L’ ’ahu’ula de Kamehameha I : matérialisation de l’essence divine du chef hawaïen par la parure de plumes
Un regard dirigé vers le lointain, une main droite ouverte vers l’avant dans un geste d’accueil : ainsi s’élève la statue du roi Kamehameha I, devant la façade du Ali’iolani Hale, l’ancien palais royal hawaïen situé à Honolulu (Oahu, Hawaï) qui abrite désormais la Cour Suprême d’Hawaï.
Né en 1758 et décédé en 1819, Kamehameha Le Grand fut le fondateur en 1810 du royaume hawaïen. Il parvint à dominer les différentes îles de l’archipel grâce à ses qualités de fin stratège et de guerrier mais aussi à l’aide de ses compétences diplomatiques et des alliances qu’il noua avec les puissances coloniales présentes dans le Pacifique au XIXème siècle.
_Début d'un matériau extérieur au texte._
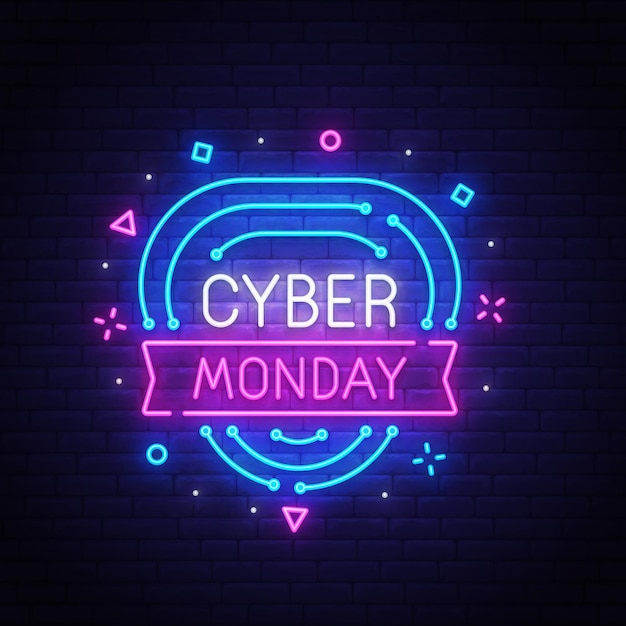 Letrero de neón cyber monday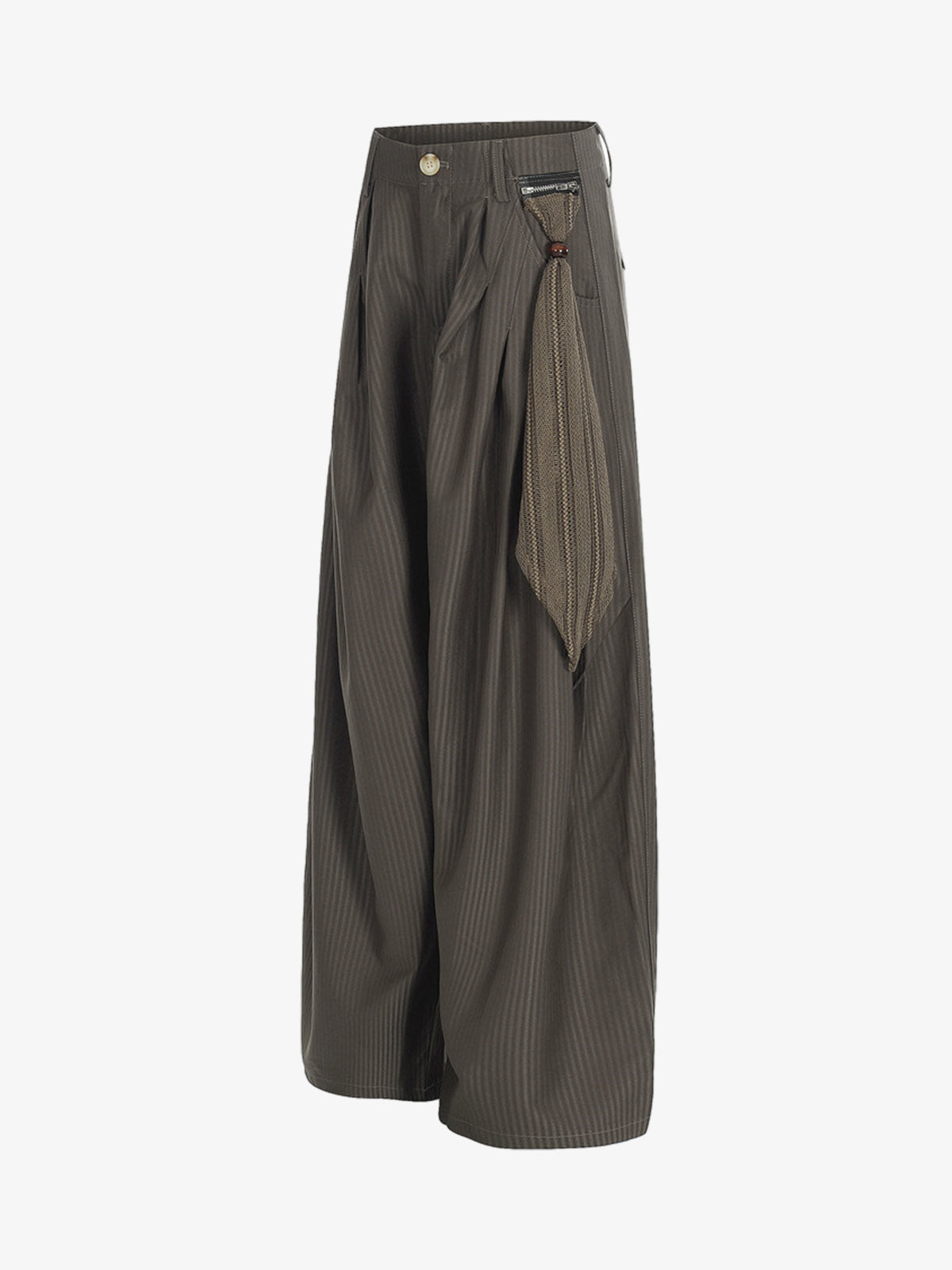 Pinstripe Pleated Wide Leg Trousers with Side Strap Detail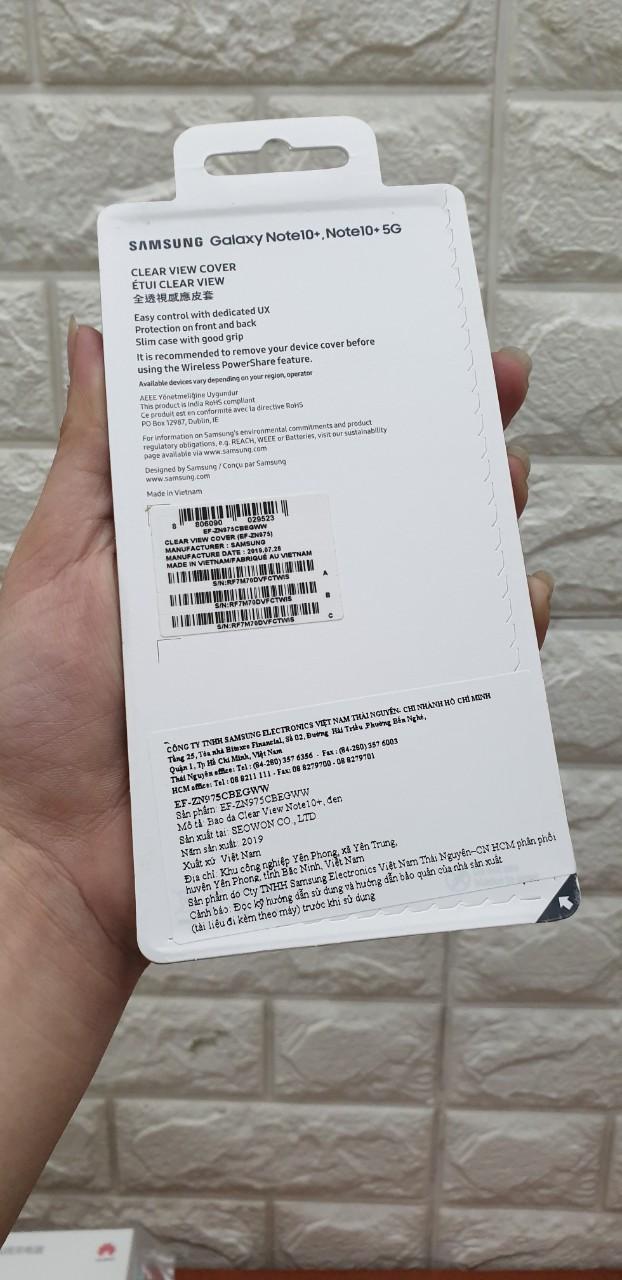 Bao Da Clear View Note 10 Plus Đen Fullbox
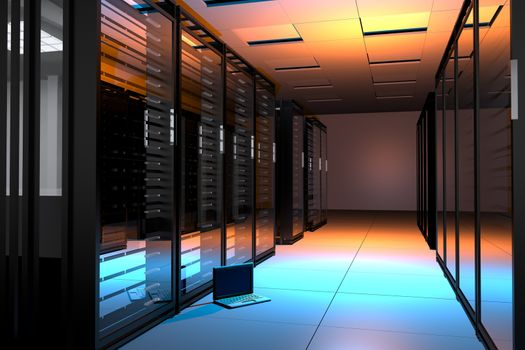 Servers Room with Small Laptop Computer on the Floor - Blue and Orange Lighted. Horizontal 3D Render Illustration.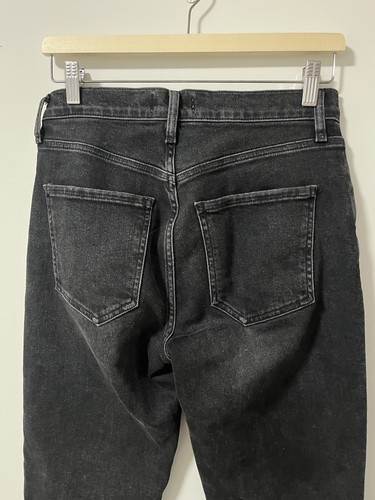 Agolde Riley High Rise Crop Black Jeans Panoramic Size 26 - photo 5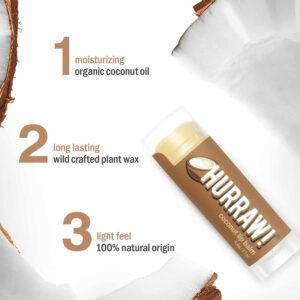 Hurraw! Coconut Lip Balm, 2 Pack: Organic, Certified Vegan, Cruelty and Gluten Free. Non-GMO, 100% Natural Ingredients. Bee, Shea, Soy and Palm Free. - Image 3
Cette statue du roi, arrivée sur le sol hawaïen en 1883 à la demande du roi David Kalakaua, délivre une image parlante de cet homme au statut important dans l’apparence et les attributs tenus. Nous retrouvons d’ailleurs cette même représentation sur les autres statues de Kamehameha I érigées à Kapa’au et à Hilo sur l’île Hawai’i ainsi que sur celle de l’île Maui. Le roi tient une lance dans sa main gauche, porte une ceinture à sa taille ainsi qu’un casque nommé en langue vernaculaire le mahiole et couvre son corps d’une longue cape nouée à son cou, l’‘ahu’ula. La cape figurée sur la statue pourrait être inspirée de la cape de Kamehameha I aujourd’hui conservée et admirée au Bernice Pauahi Bishop Museum d’Honolulu. Cette dernière est un témoignage majeur de la production traditionnelle d’artefacts de plumes, très développée sur l’archipel hawaïen.
Par le biais de cette pièce majestueuse, nous allons tenter dans le propos qui suit d’éclaircir le rôle de l' ‘ahu’ula car il semble dépasser celui de la simple parure et chercher à transcrire visuellement l’essence de la personne du chef à Hawaï, notamment par le matériau employé.
L’apparence de l’oiseau
L’ ’ahu’ula de Kamehameha I1, réalisée à la fin du XVIIIème ou au début du XIXème siècle, se destine à un individu particulier, comme c’est le cas de la majorité des capes hawaïennes, et propose ainsi un ajustement adapté à la morphologie du roi. Relativement longue, elle mesure un mètre quarante de haut et sa large surface de deux mètres soixante serait couverte par approximativement 450 000 plumes d’un jaune primaire éclatant, bien que parsemée sur ses bordures de quelques plumes rouges. Les plumes colorées de cette cape proviennent de petits oiseaux de forêt, du ‘i’iwi (Vestiaria Coccinea, famille des Fringillidae) pour les plumes rouges et du mamo (Drepanis Pacifica, famille des Fringillidae) pour les plumes jaunes, pourtant plus rares à obtenir.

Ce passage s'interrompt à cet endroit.